## SOURCE DATA
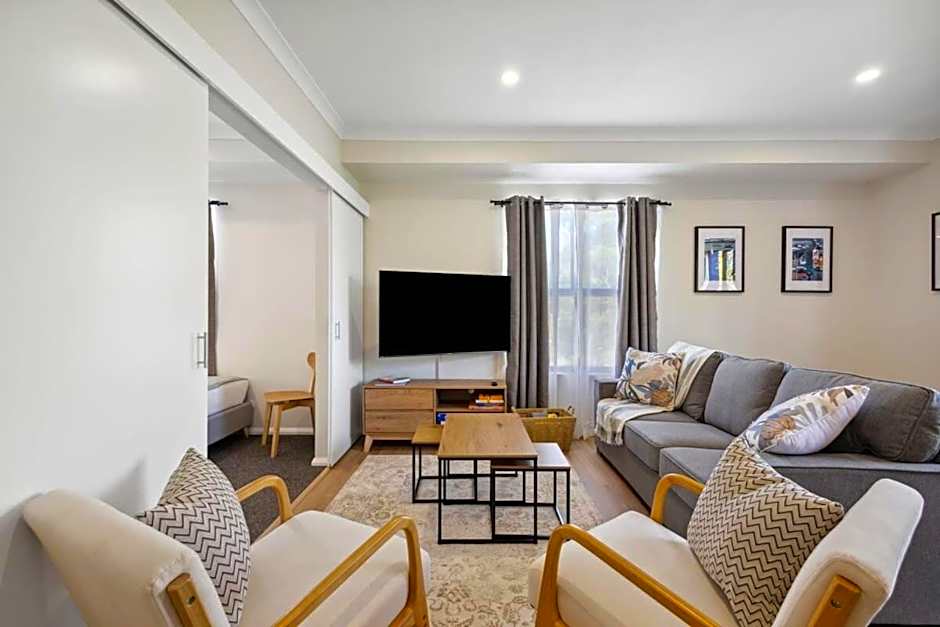 Jolly on James- 2BDR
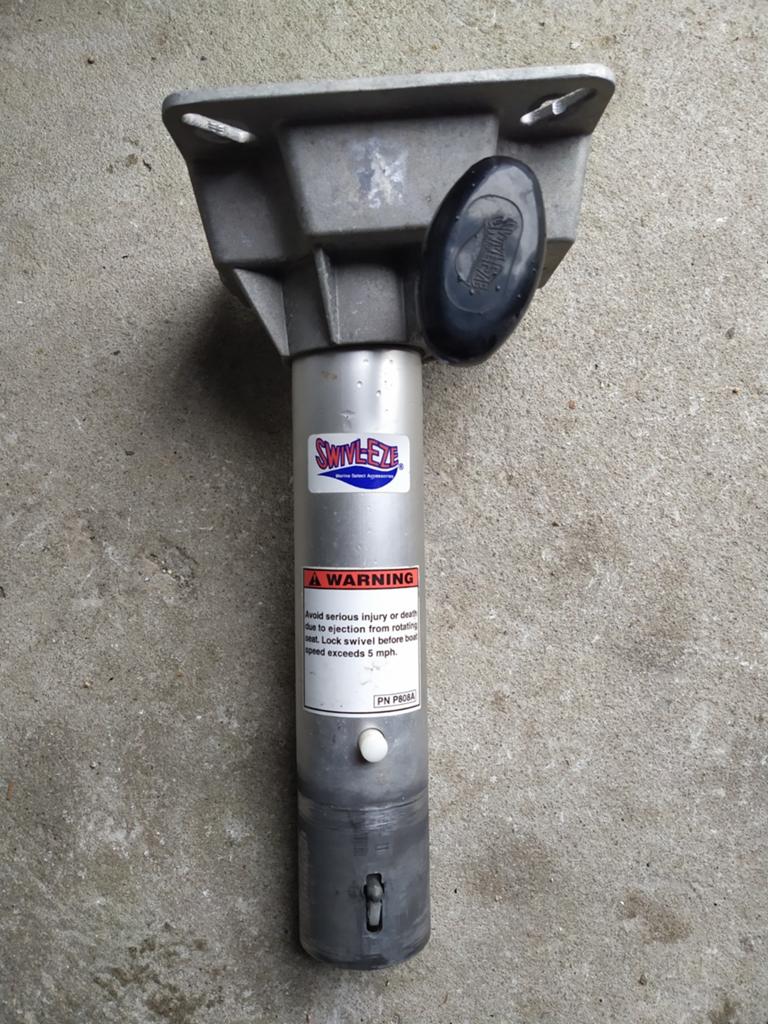 Attwood Swivl-Eze bootstoel poot incl montageplateau, Watersport en Boten, Ophalen of Verzenden, Gebruikt, Interieur en Kussens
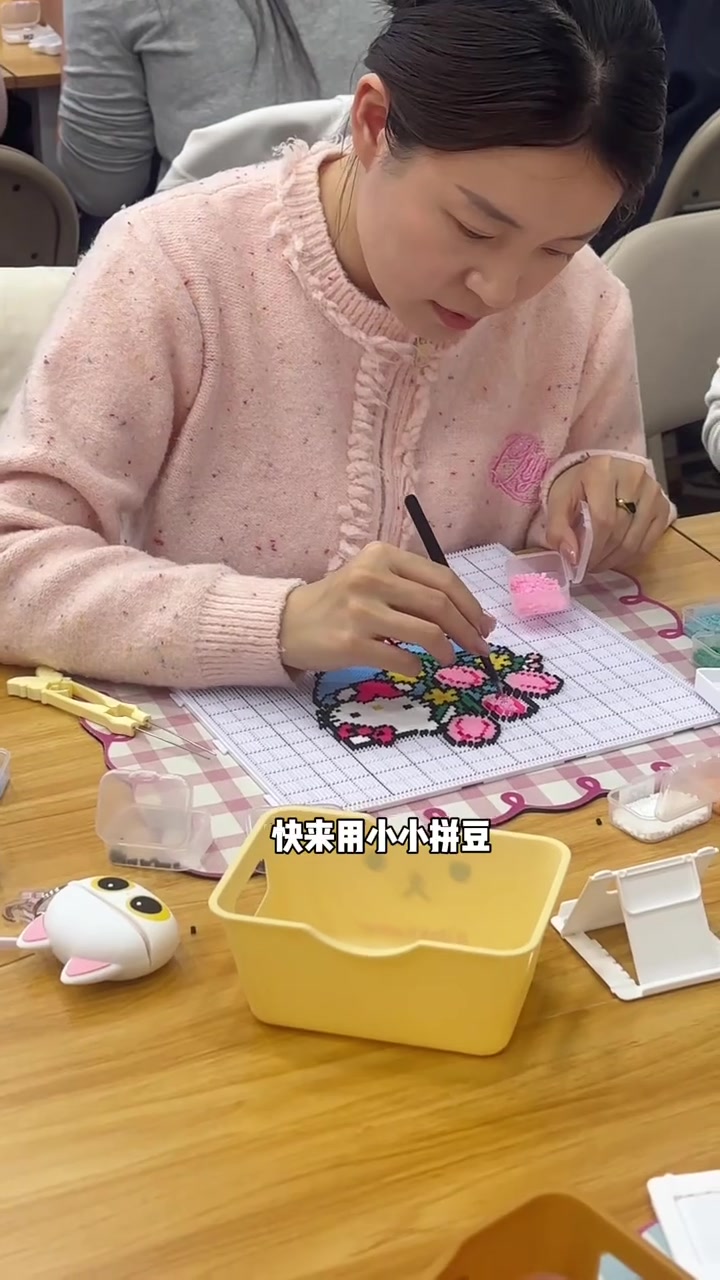 石家庄十字绣美食之旅,拼豆花束与图案的创意周末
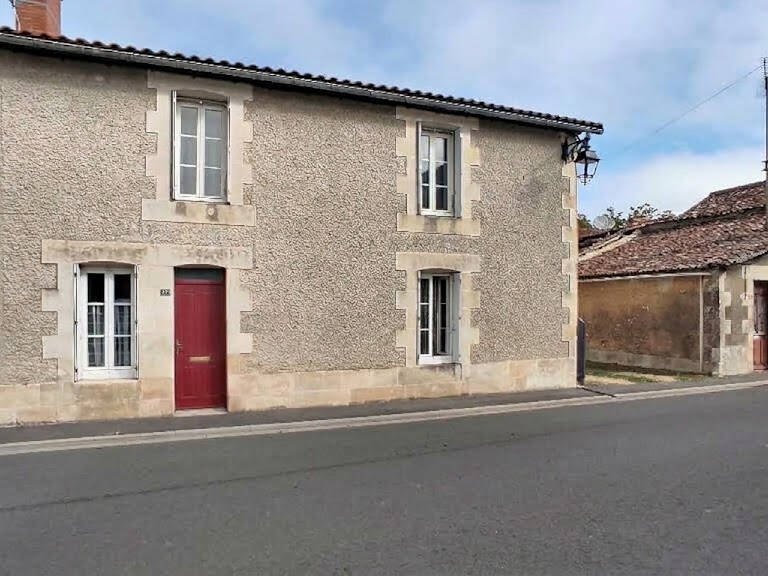 MAISON DE CENTRE BOURG AVEC DEPENDANCE — photo 1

## ABOUT THIS TASK
Where the line containing "石家庄十字绣美食之旅,拼豆花束与图案的创意周末" appears, begin writing out the lines word for word, and continue through the last line of the data, leaving out pictures.

## PROBLEM SOLUTION
 石家庄十字绣美食之旅,拼豆花束与图案的创意周末
 MAISON DE CENTRE BOURG AVEC DEPENDANCE — photo 1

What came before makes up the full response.